*Collected material:*
━━━━━━━━━━━━━━━━

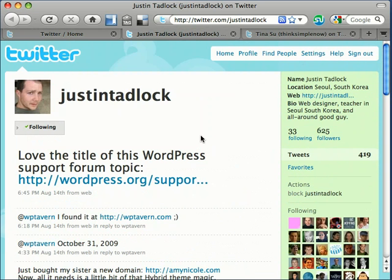Since its creation in 2006, Twitter has gained notability and popularity worldwide, is ranked as one of the 50 most popular websites and the third most used social network. It has a monthly growth of about a thousand percent.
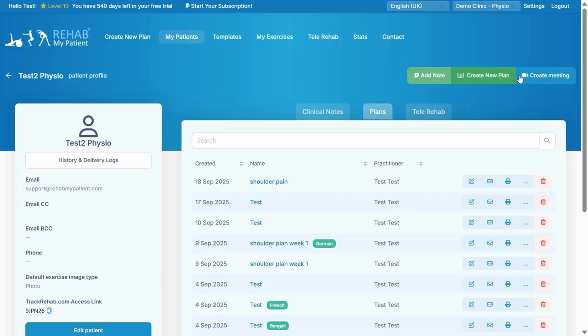You can create a plan or create a meeting from these three buttons up here. Thanks for watching this video. Enjoy Rehab My Patient.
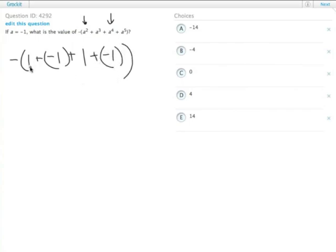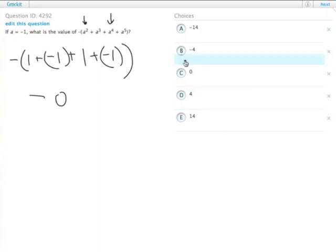So, 1 plus negative 1 is 0, 1 plus negative 1 is 0. We get the opposite of 0, which doesn't really exist, so it is answer choice C, 0.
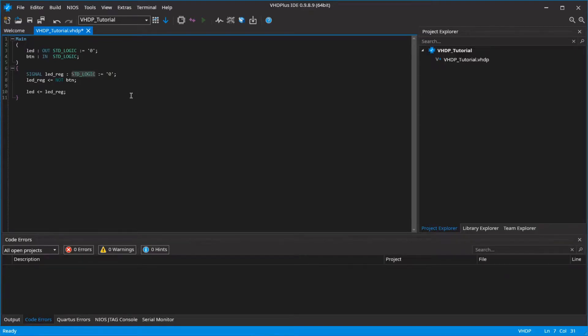In the last tutorial I already talked about data types. In this video I show you more advanced data types and how to convert between data types.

━━━━━━━━━━━━━━━━

*Problem to work on:* The listing above needs to be output again exactly. Don't include the pictures.

*Result:*
Since its creation in 2006, Twitter has gained notability and popularity worldwide, is ranked as one of the 50 most popular websites and the third most used social network. It has a monthly growth of about a thousand percent.
You can create a plan or create a meeting from these three buttons up here. Thanks for watching this video. Enjoy Rehab My Patient.
So, 1 plus negative 1 is 0, 1 plus negative 1 is 0. We get the opposite of 0, which doesn't really exist, so it is answer choice C, 0.
In the last tutorial I already talked about data types. In this video I show you more advanced data types and how to convert between data types.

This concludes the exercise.